While we don’t have a storefront (yet), and our tools are all digital, we’ve been toiling away for the last several months building the foundations for a new information service for this community. You picked the name Southwest Voices, and we couldn’t be more excited to bring it to the world … soon.

We’re both experienced digital media workers, having managed large digital media and advertising budgets, built digital tools to forge stronger local news ecosystems—and have consulted with hundreds of newsrooms around the world. But not until the Southwest Journal closed, and our community shuddered after the murder of George Floyd, did we feel urgently called to create something in our own backyard.

This moment, this place, we felt, called for a new approach that rooted local news in the needs and perspectives of residents; that was continually evolving to meet those needs, because it’s the product of continual listening and outreach to all residents of Southwest Minneapolis, not just the loudest or the most opinionated.   

Over the last several months, we have listened to neighborhood associations, local business owners, and hundreds of residents of Southwest Minneapolis through a mix of surveys, interviews, and informal chats.

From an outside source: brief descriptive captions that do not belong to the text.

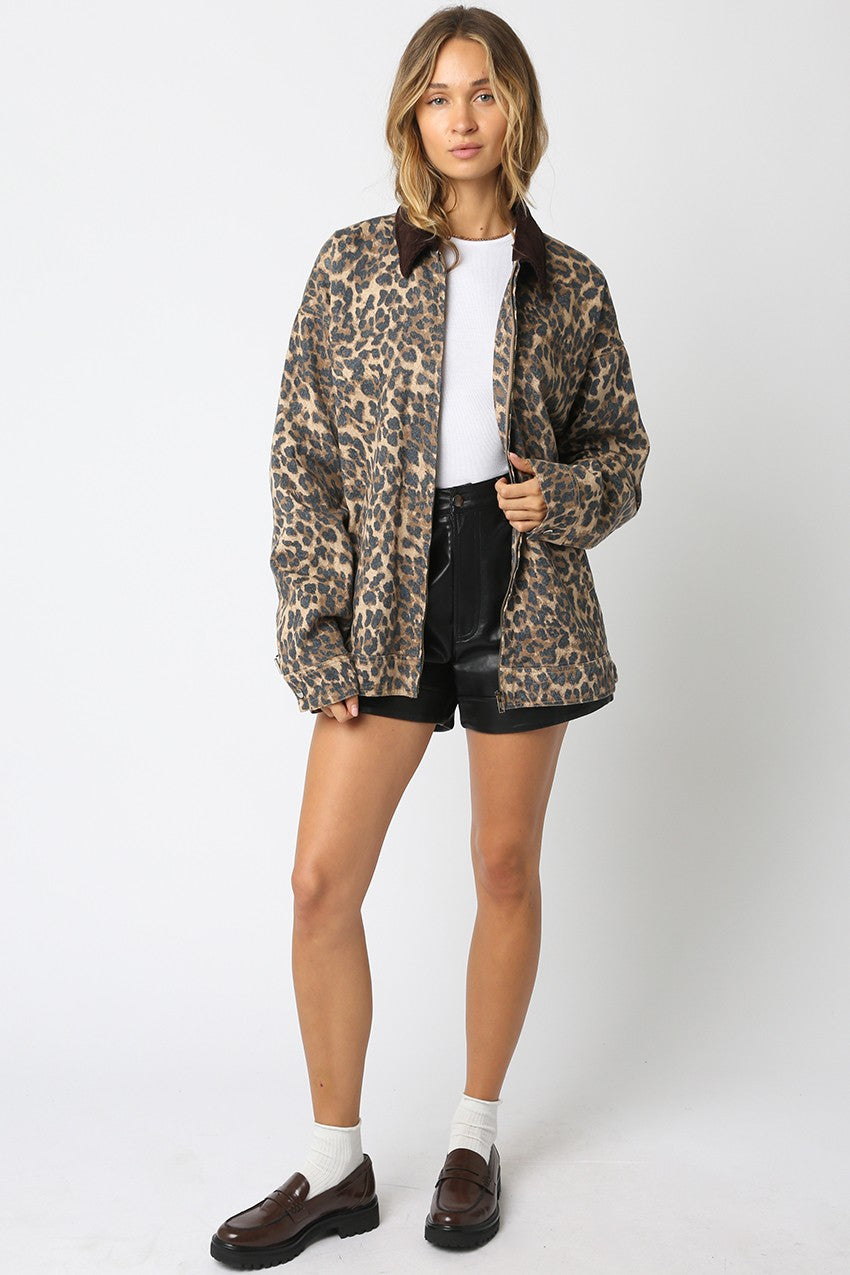 Gia Leopard Jacket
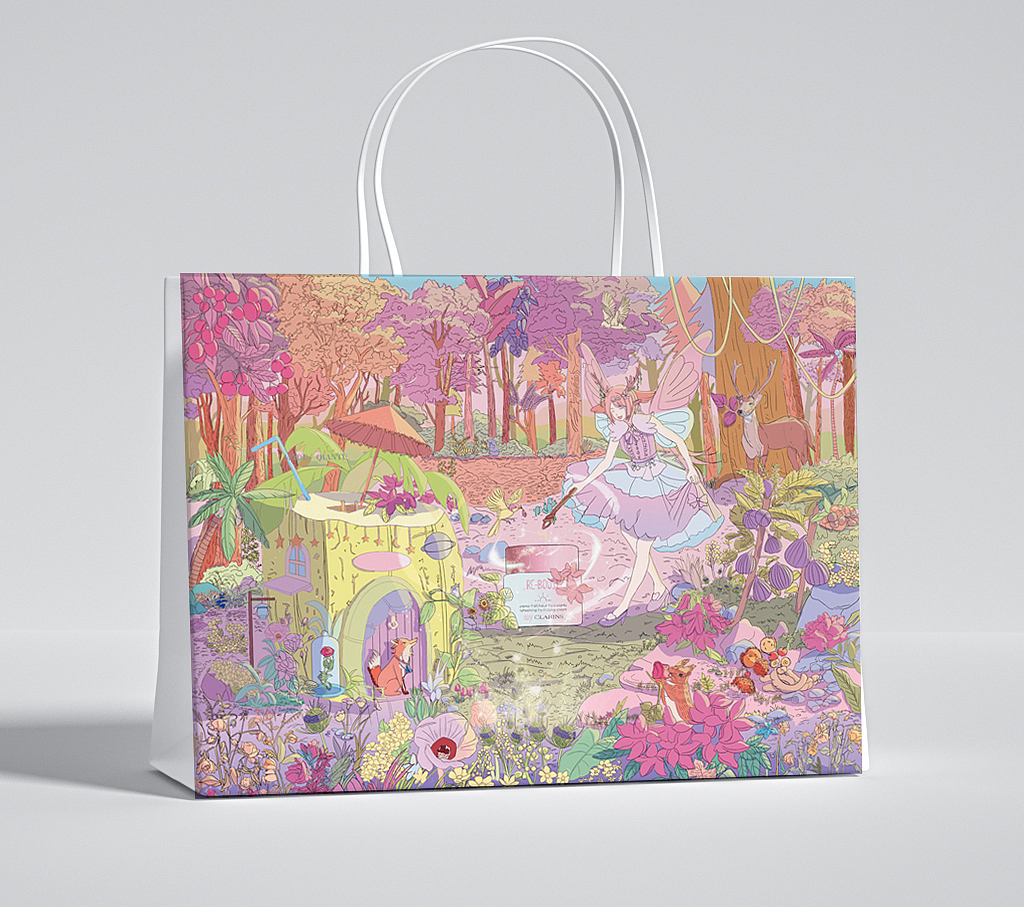 站酷×娇韵诗my CLARINS|小仙女的森林魔法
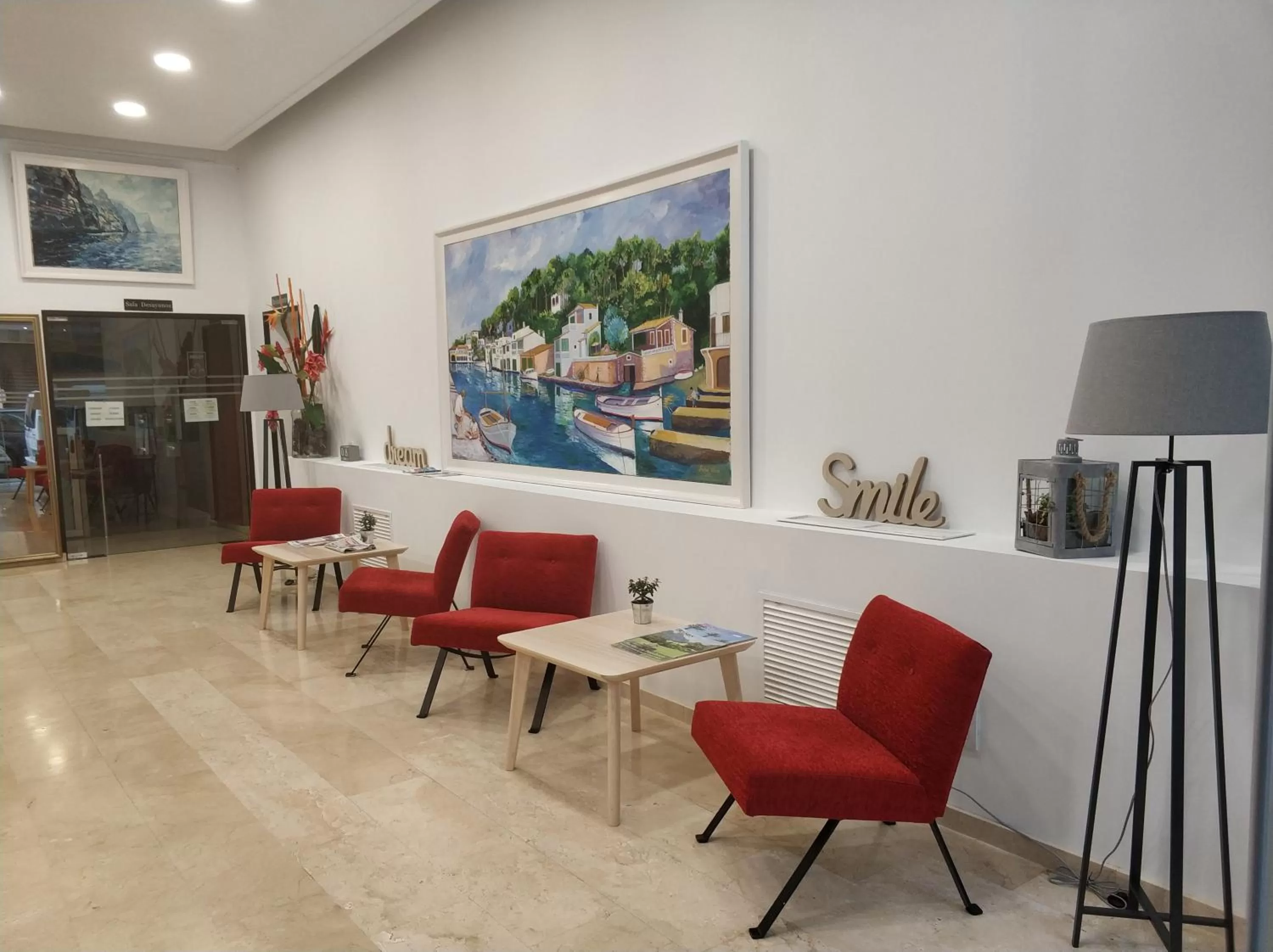 Lobby or reception in Hotel Abelay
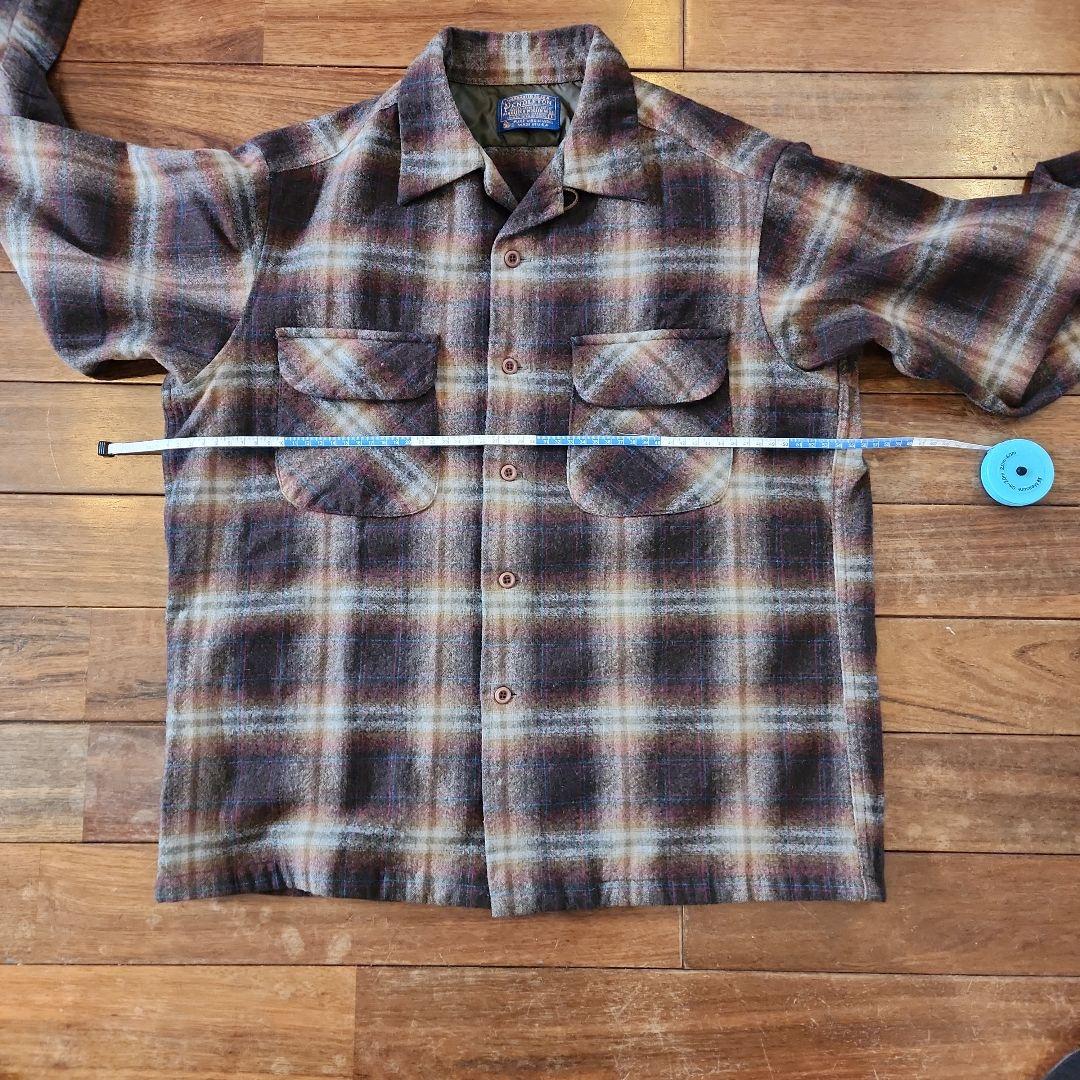 70s pendleton ペンドルトン オンブレチェック シャツ Lサイズ - メルカリ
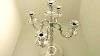 Pair Of Dutch Silver Five Light Candelabra Art Deco Style Vintage Ac Silver A2057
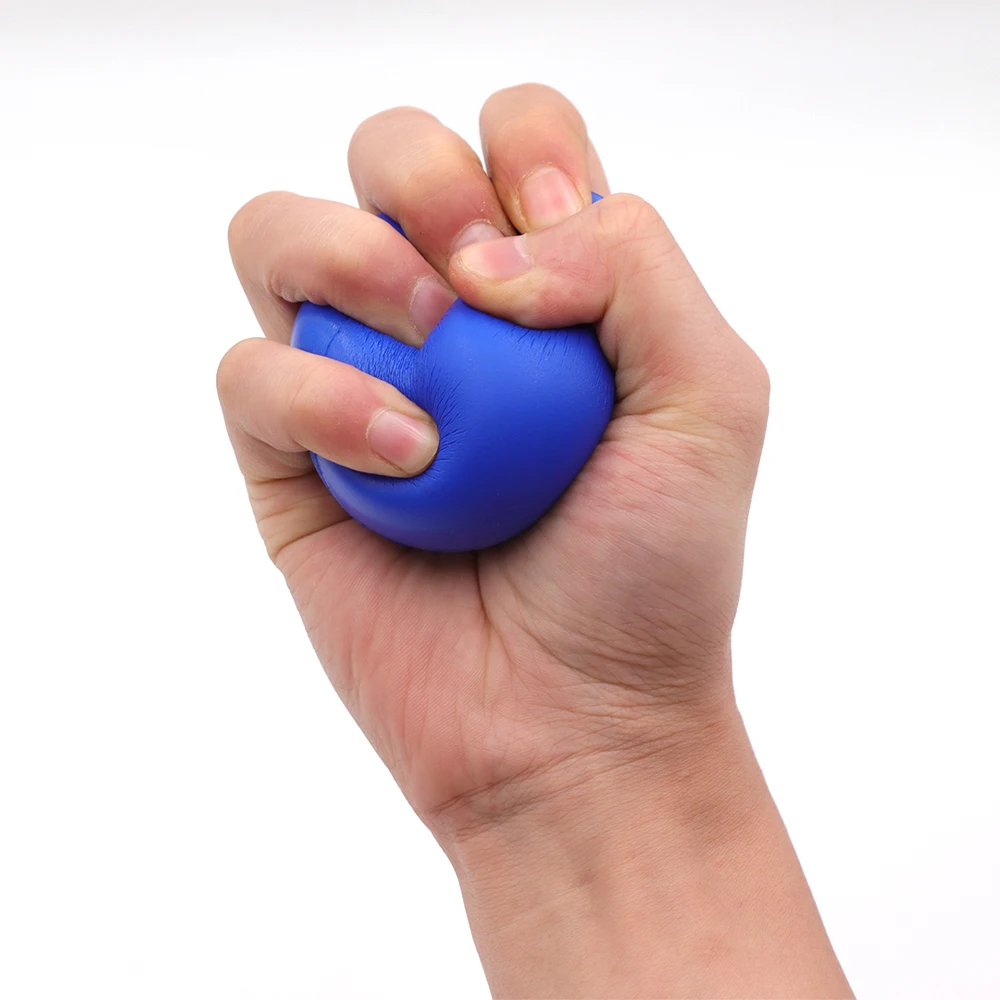 كرة تقوية القبضة لإعادة تأهيل اليد وتدريبات القوة، كرة تدليك إسفنجية مضادة للإجهاد للبالغين لاستعادة العضلات #5
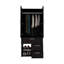 Armoire avec portes doubles, tablettes internes et tringle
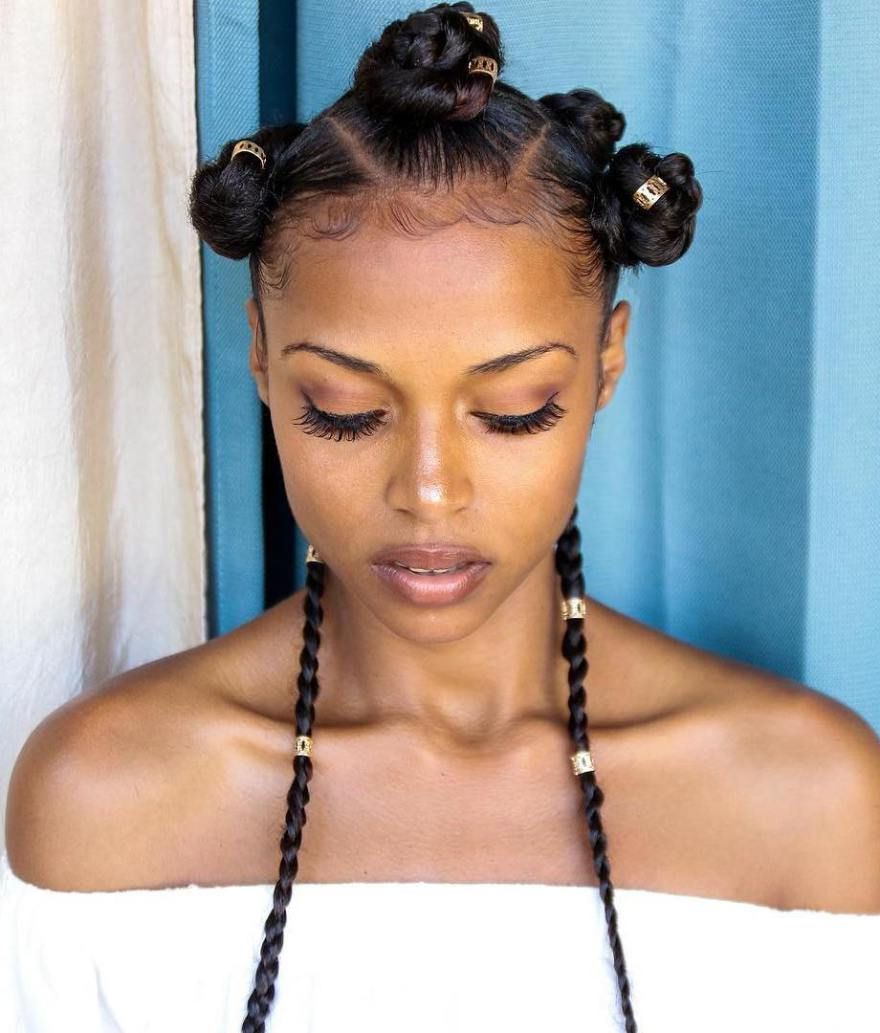 Pin On Roll Hairstyle Intended For Widely Used Bantu Knots And Beads Hairstyles (View 2 of 20)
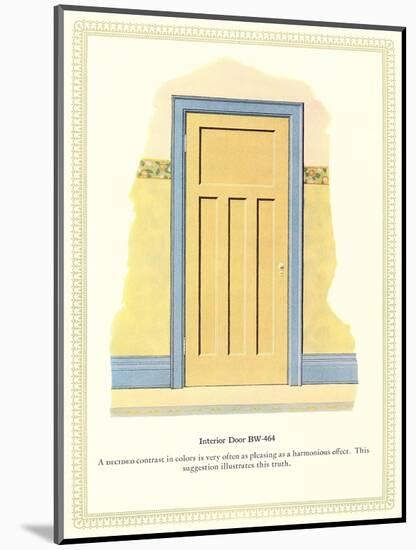 Interior Door and Trim-null-Mounted Art Print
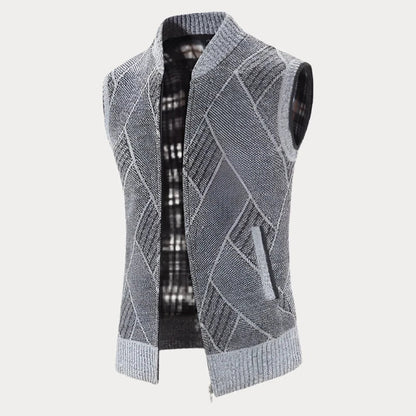 Gilet en tricot homme – Gilet stylé en laine pour look décontracté élégant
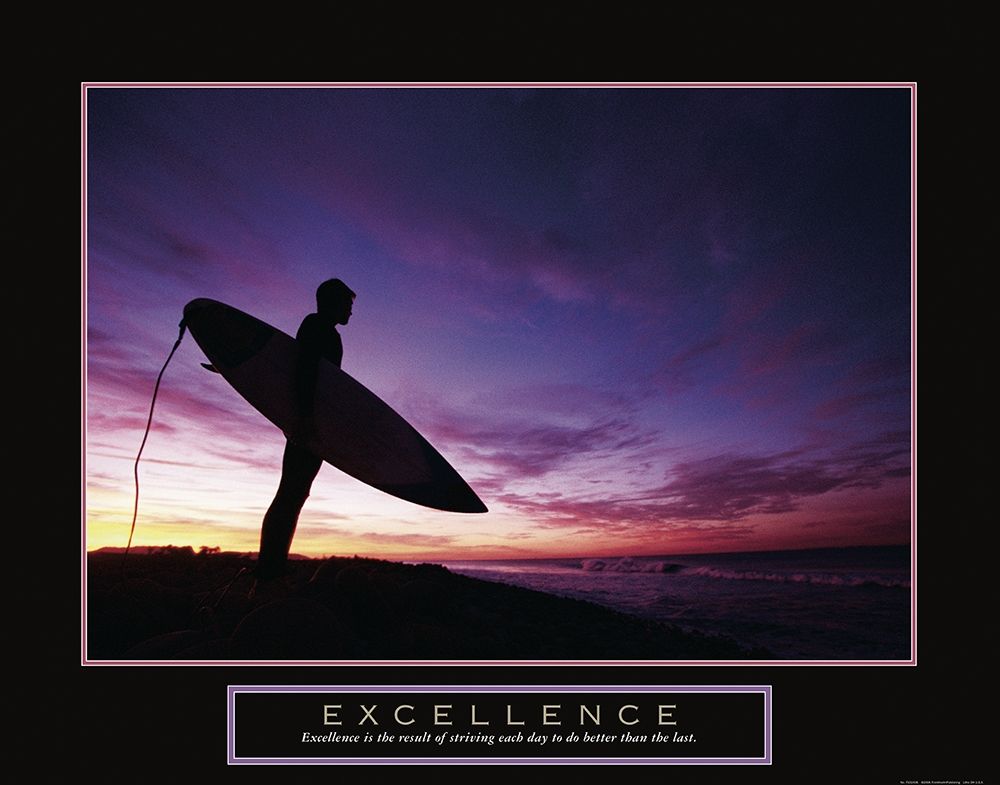 Excellence - Surfer art print by Frontline for $57.95 CAD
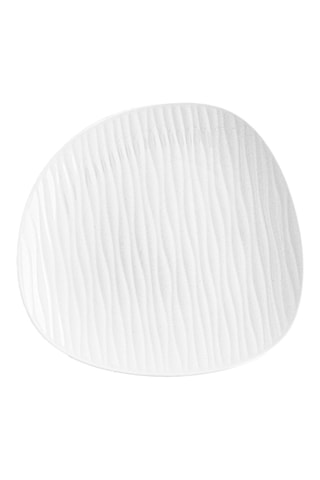 6 platos llanos de porcelana Ivory Ylang - 28 cm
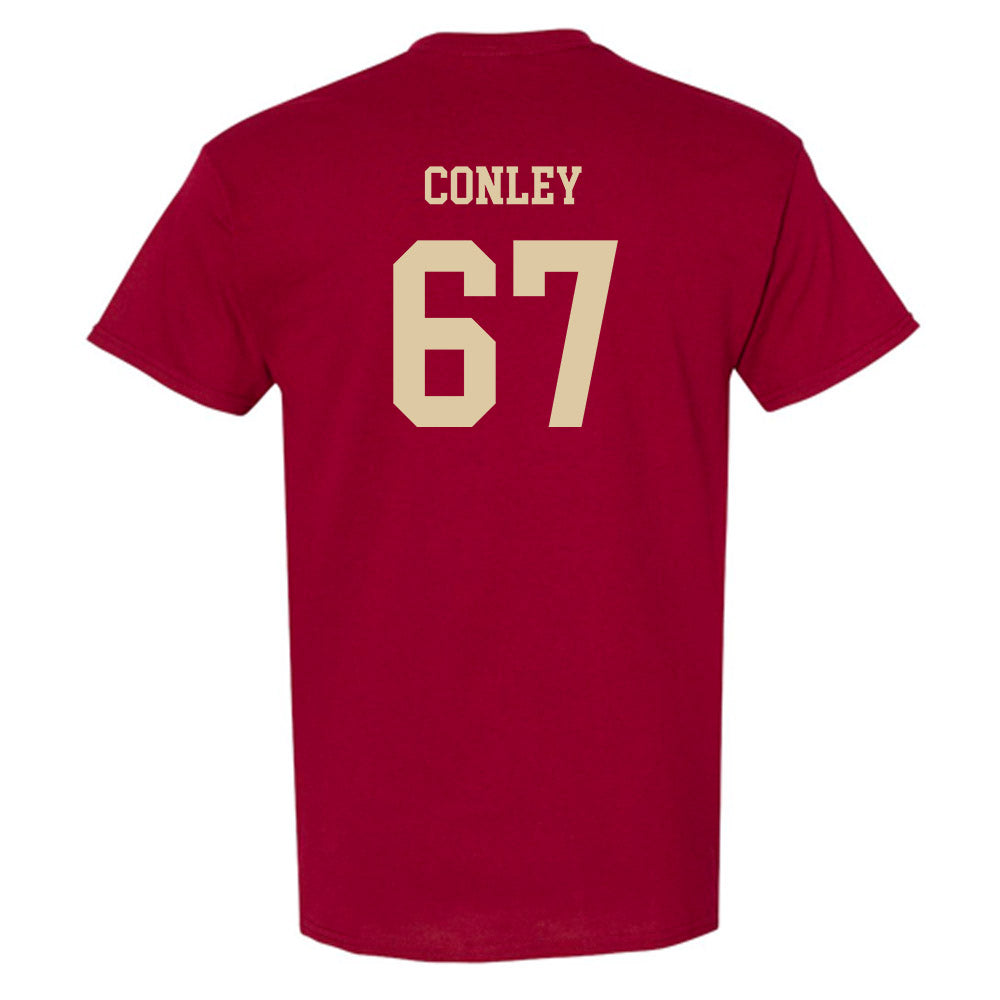Boston College - NCAA Football : Jack Conley - Sports Shersey Short Sleeve T-Shirt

Through that work, a few key needs and themes emerged:

  1. Above all: Residents have told us they want a news service that both celebrates what they love about this area (proximity to nature, walkability, transit options, shops and restaurants, interesting neighbors) and reveals its challenges and shortcomings (lack of diversity, crime, lack of support for renters). There’s a lot of love for this community, and also a sense of urgency about making it more welcoming. 
  2. Residents want better visibility into public meetings, and how decisions are made. Whether it's the future of policing, bike lanes, zoning, or who gets a liquor license—a prevailing theme among those we listened to was that even if they’re not “in the room where it happens” they want us to be there, and they want to relate what’s being discussed, and how they can weigh in.
  3. Residents want to know what businesses are opening and closing. It’s not just about where they might shop, it’s about commercial activity as a proxy of the community’s vitality, and a kind of weather vane to know which way trends are blowing.
  4. They want to get to know neighbors doing interesting things. Sure there’s NextDoor, and Facebook, etc. etc. but time and again, we heard that people don’t feel like existing digital spaces afford a sense of connection or empathy with their fellow residents. One long-time Linden Hills resident put it well, saying he wants "opportunities—with a purpose—to connect as communities and broaden our sense of communities."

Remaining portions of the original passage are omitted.